Of Usury, from Brant's Stultifera Navis (Ship of Fools), 1494; woodcut attributed to Albrecht Dürer

Usury (/ˈjʒəri/)[1][2] is the practice of making loans that are seen as unfairly enriching the lender. The term may be used in a moral sense—condemning taking advantage of others' misfortunes—or in a legal sense, where an interest rate is charged in excess of the maximum rate that is allowed by law. A loan may be considered usurious because of excessive or abusive interest rates or other factors defined by the laws of a state. Someone who practices usury can be called a usurer, but in modern colloquial English may be called a loan shark.

In many historical societies including ancient Christian, Jewish, and Islamic societies, usury meant the charging of interest of any kind, and was considered wrong, or was made illegal.[3] During the Sutra period in India (7th to 2nd centuries BC) there were laws prohibiting the highest castes from practicing usury.[4] Similar condemnations are found in religious texts from Buddhism, Judaism (ribbit in Hebrew), Christianity, and Islam (riba in Arabic).[5] At times, many states from ancient Greece to ancient Rome have outlawed loans with any interest. Though the Roman Empire eventually allowed loans with carefully restricted interest rates, the Catholic Church in medieval Europe, as well as the Reformed Churches, regarded the charging of interest at any rate as sinful (as well as charging a fee for the use of money, such as at a bureau de change).[6] Christian religious prohibitions on usury are predicated upon the belief that charging interest on a loan is a sin.

History

Usury (in the original sense of any interest) was denounced by religious leaders and philosophers in the ancient world, including Moses,[7] Plato, Aristotle, Cato, Cicero, Seneca,[8] Aquinas,[9] Gautama Buddha[10] and Muhammad.[11]

Certain negative historical renditions of usury carry with them social connotations of perceived "unjust" or "discriminatory" lending practices. The historian Paul Johnson comments:

Most early religious systems in the ancient Near East, and the secular codes arising from them, did not forbid usury. These societies regarded inanimate matter as alive, like plants, animals and people, and capable of reproducing itself. Hence if you lent 'food money', or monetary tokens of any kind, it was legitimate to charge interest.[12] Food money in the shape of olives, dates, seeds or animals was lent out as early as c. 5000 BC, if not earlier. ...Among the Mesopotamians, Hittites, Phoenicians and Egyptians, interest was legal and often fixed by the state. But the Hebrew took a different view of the matter.[13]

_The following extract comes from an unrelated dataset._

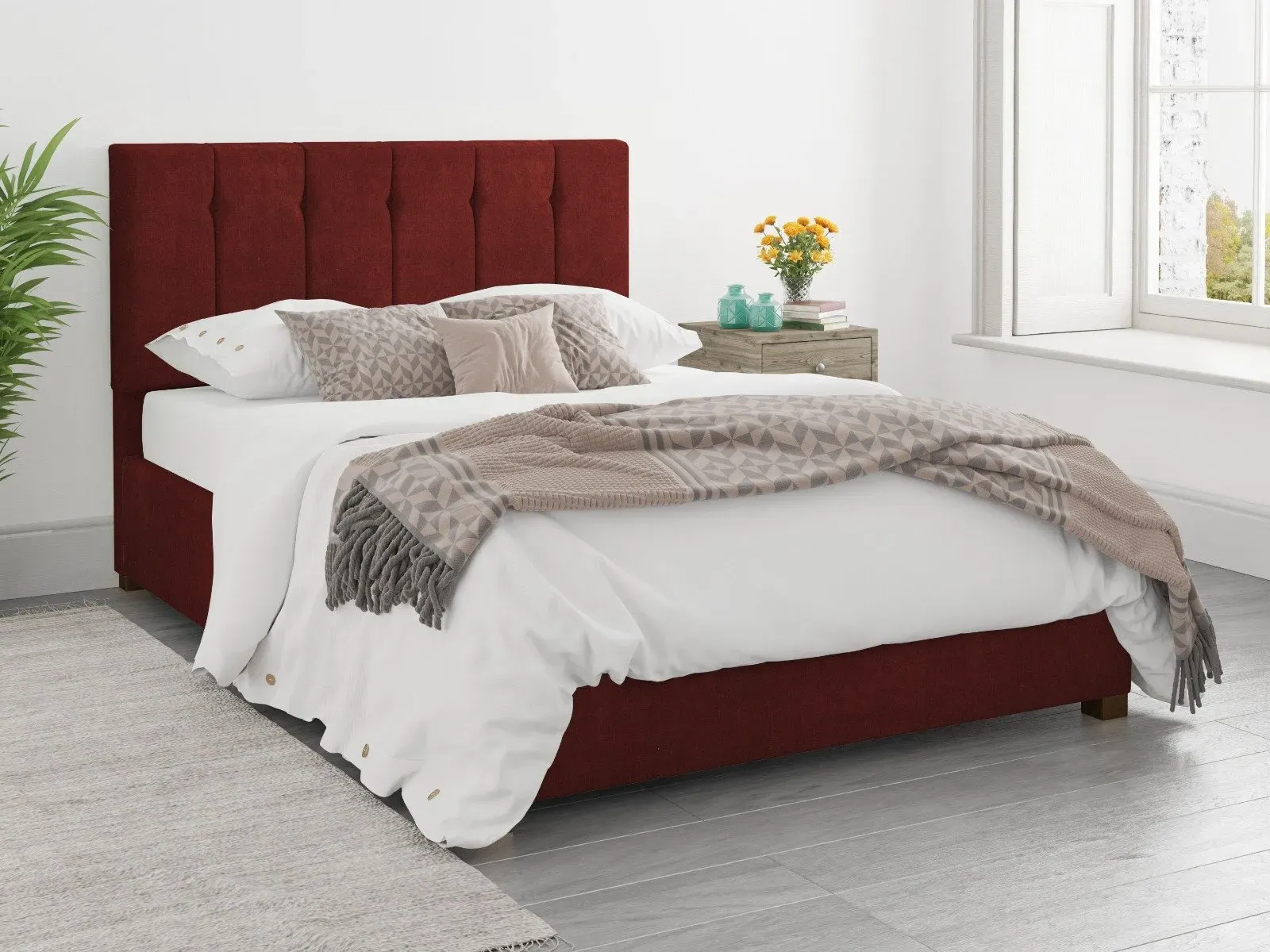 Small Double Ottoman Bed with Storage - Bordeaux, Linen
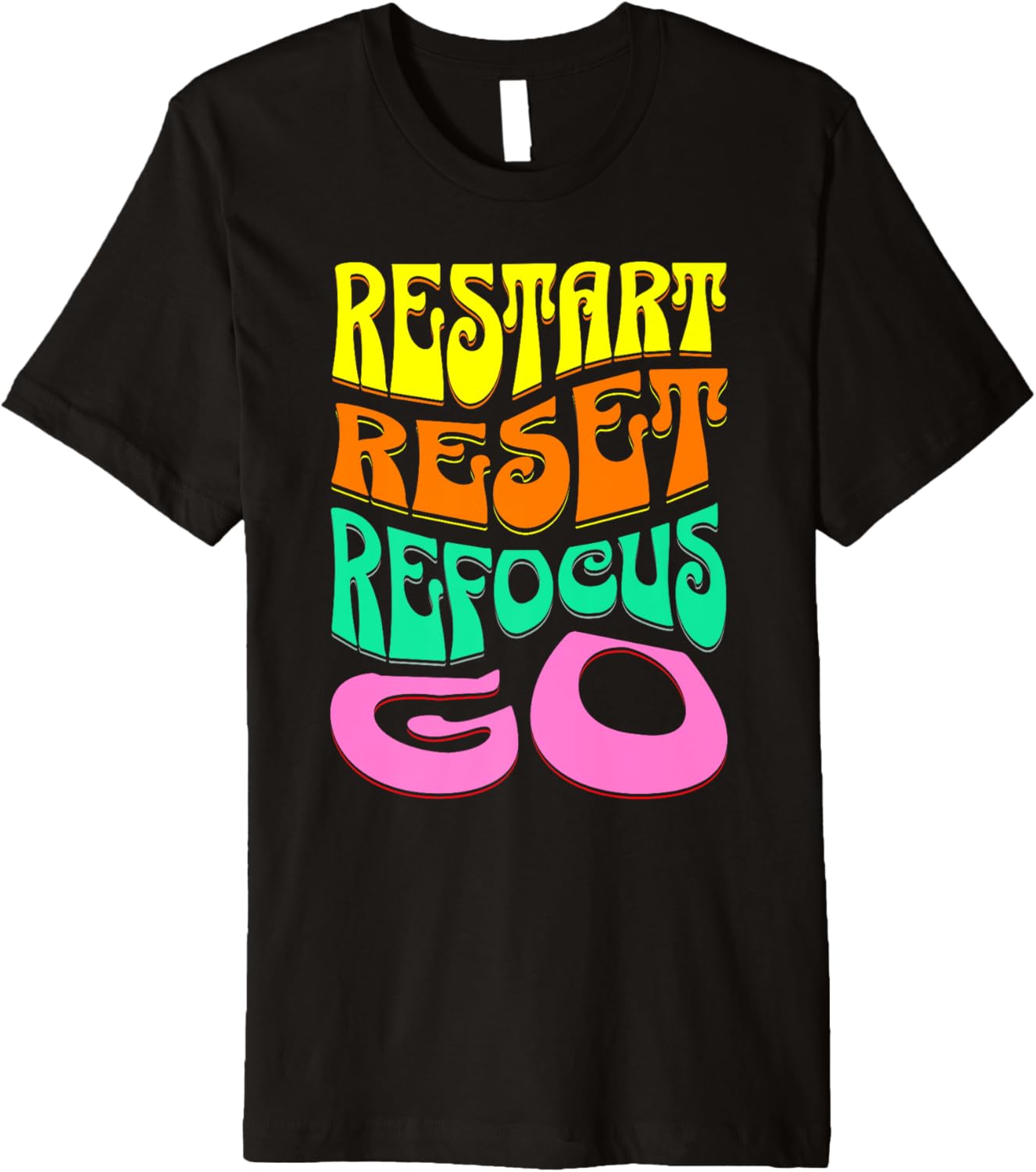 restart reset refocus go motivational power retro 70's quote Premium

Theological historian John Noonan argues that "the doctrine [of usury] was enunciated by popes, expressed by three ecumenical councils, proclaimed by bishops, and taught unanimously by theologians."[14]

England

In England, the departing Crusaders were joined by crowds of debtors in the massacres of Jews at London and York in 1189–1190. In 1275, Edward I of England passed the Statute of the Jewry which made usury illegal and linked it to blasphemy, in order to seize the assets of the violators. Scores of English Jews were arrested, 300 were hanged and their property went to the Crown. In 1290, all Jews were to be expelled from England, allowed to take only what they could carry; the rest of their property became the Crown's. Usury was cited as the official reason for the Edict of Expulsion; however, not all Jews were expelled: it was easy to avoid expulsion by converting to Christianity. Many other crowned heads of Europe expelled Jewish people, although again converts to Christianity were no longer considered Jewish. Many of these forced converts still secretly practiced their faith.

The growth of the Lombard bankers and pawnbrokers, who moved from city to city, was along the pilgrim routes.

Die Wucherfrage is the title of a Lutheran Church–Missouri Synod work against usury from 1869. Usury is condemned in 19th-century Missouri Synod doctrinal statements.[15]

In the 16th century, short-term interest rates dropped dramatically (from around 20–30% p.a. to around 9–10% p.a.). This was caused by refined commercial techniques, increased capital availability, the Reformation, and other reasons. The lower rates weakened religious scruples about lending at interest, although the debate did not cease altogether.

The 18th century papal prohibition on usury meant that it was a sin to charge interest on a money loan. As set forth by Thomas Aquinas in the 13th century, because money was invented to be an intermediary in exchange for goods, it is unjust to charge a fee to someone after giving them money. This is because transferring ownership of property implies the right to use that property for its purpose: "Accordingly if a man wanted to sell wine separately from the use of the wine, he would be selling the same thing twice, or he would be selling what does not exist, wherefore he would evidently commit a sin of injustice."[16]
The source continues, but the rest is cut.